Tactics Ogre: Let Us Cling Together takes place, from what I gathered, a few years after the formation of the Zetegenian empire. It has been a few years since the death of the widely loved King Dolgare, who brought peace and ethnic equality to the land for 50 years. Now, Branto, a power-hungry Bishop from Bacrum, has formed the Bacrum-Valerian state with the invading Lodis army, and seeks to take over the entire continent of Valeria with the help of the Roslolian "Dark" Knights. Meanwhile, in Southern Valeria, the Gargastan King Barbatos has received approval from Branto to invade Walsta and enslave its people. Tactics Ogre begins in a small docks village in Walsta, where two teenagers, Kachua and Brodie (you can name the latter character whatever you wish - I chose Brodie), join a team of five knights from Zenobia lead by the Holy Knight Lans in an attempt to reclaim the Walstanian State from the imperialistic Gargastans. Such is the basis for the beginning of the plot, a plot that is truly wonderful and well-told.

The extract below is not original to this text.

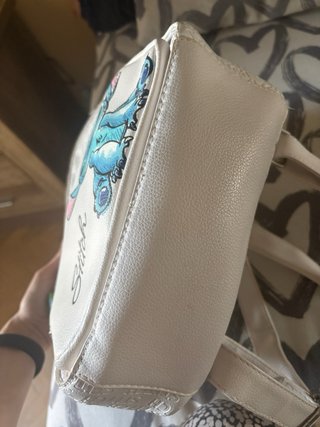 Bolso Mochila Stitch Disney Blanco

The story, like Vandal Hearts 2 and the other Ogre Battle games, is deeply rooted in political conspiracy and war. These two themes are perhaps the most prevalent in the entire Saga. And in a move that may surprise most RPG players, during the game, your team has the option to become antagonists in Valeria by slaughtering a good deal of innocent people. Unlike other RPGs, where the happy-go-lucky party always does what is good and moral, your party in TO has to do what is beneficial for Walsta, and that could mean committing atrocities. A definite first for the genre, and perhaps the main reason why I view this particular episode of the Saga in such high esteem.
Character development is strong in Let Us Cling Together. In the course of the game, the hero develops in his understanding of the cause of the unrest in Valeria, which in itself marks a major turning point in the game's plot. Kachua loves her 'brother' dearly at the beginning of the game and opts to never leave his side, but eventually even she becomes aware of certain things about that that challenge her. The characters have a richness and humanity to them that few games of the time (five or more years ago) offered.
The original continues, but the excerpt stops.